Strawflower answered 6/11, 2016 at 22:5 Comment(8)
@Biography Note that the answer above is valid for ARMv6 and above. Older arch versions might have their own methods of getting this data (specific to a partcular chip - so the info is to be found in the datasheet for the chip), while some ARM-based chips don't provide such data at all.Talkie
My ARM CPU is ARM7A, confirmed that by using the compiler Macro__ARM_ARCH_7A__, however, when I try to use the instruction asm volatile("mrc p15, 0, %0, c9, c13, 0" : "=r"(pmccntr));, the compiler gives the error message: Error “no such instruction” asm volatile("mrc p15, 0, %eax, c9, c13, 0" : "=r"(pmccntr));Biography
My Build Environment= PLATFORM_VERSION_CODENAME=REL PLATFORM_VERSION=4.3 TARGET_PRODUCT=full_manta TARGET_BUILD_VARIANT=eng TARGET_BUILD_TYPE=release TARGET_BUILD_APPS= TARGET_ARCH=arm TARGET_ARCH_VARIANT=armv7-a-neon TARGET_CPU_VARIANT=cortex-a15 HOST_ARCH=x86 HOST_OS=linux HOST_OS_EXTRA=Linux-3.16.0-70-generic-x86_64-with-Ubuntu-14.04-trusty HOST_BUILD_TYPE=release BUILD_ID=JWR66V OUT_DIR=outBiography
@hidefromkgb: This is the code that I used but it gives the above error. {uint32_t pmccntr;asm volatile("mrc p15, 0, %0, c9, c13, 0" : "=r"(pmccntr));t0=static_cast<int64_t>(pmccntr) * 64;} //The C++ statement to measure its execution time {uint32_t pmccntr;asm volatile("mrc p15, 0, %0, c9, c13, 0" : "=r"(pmccntr));t1=static_cast<int64_t>(pmccntr) * 64;} time = t1-t0;Biography
@Biography You are, most probably, using the wrong binutils, since as is definitely trying to assemble X86 instead of ARM7A. And, BTW, * 64 is equivalent to << 6, and the result does not have to be either promoted to uint64_t or multiplied until (T1 – T0) is calculated. As the difference is typically way smaller than 2²⁶, multiplying it to 64 won`t require promotion to a 64-bit type.Strawflower
@hidefromkgb: I followed the AOSP guidelines and I did not change anything in the binutils. How to force the as to assemble ARM7A instead of X86?Biography
@Biography AOSP is by itself useless in your case: it does not allow anything but Java as a language in which apps can be written. And that`s for a good reason, as there are many different hardware architectures that support Android, so compiling machine code for all of them is a pain — and still you`d leave out those which aren`t yet supported. What you really need is Android NDK. NDK is positioned as a last-resort kit intended for programmers who positively do know what they are doing.Strawflower
The URL provided is really helpful. Thanks.Glomma
C
12

For Arm64, the system register CNTVCT_EL0 can be used to retrieve the counter from user space.

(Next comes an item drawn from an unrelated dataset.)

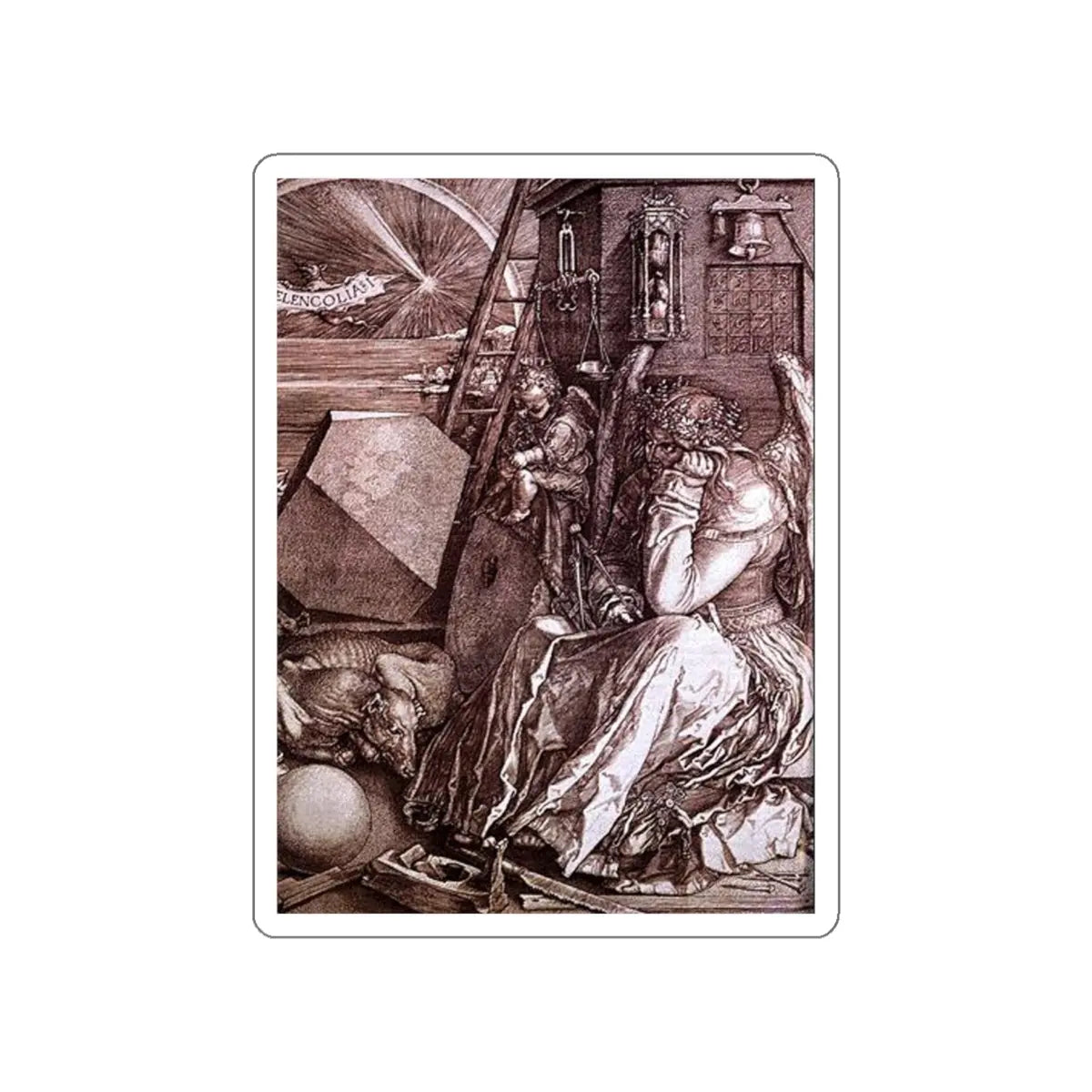 SKU:29235038915275059697 Sticker types:White Shape:Die-Cut Sizes:4" × 4"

// SPDX-License-Identifier: GPL-2.0
u64 rdtsc(void)
{
    u64 val;

    /*
     * According to ARM DDI 0487F.c, from Armv8.0 to Armv8.5 inclusive, the
     * system counter is at least 56 bits wide; from Armv8.6, the counter
     * must be 64 bits wide.  So the system counter could be less than 64
     * bits wide and it is attributed with the flag 'cap_user_time_short'
     * is true.
     */
    asm volatile("mrs %0, cntvct_el0" : "=r" (val));

    return val;
}

Please refer this patch https://lore.kernel.org/patchwork/patch/1305380/ for more details.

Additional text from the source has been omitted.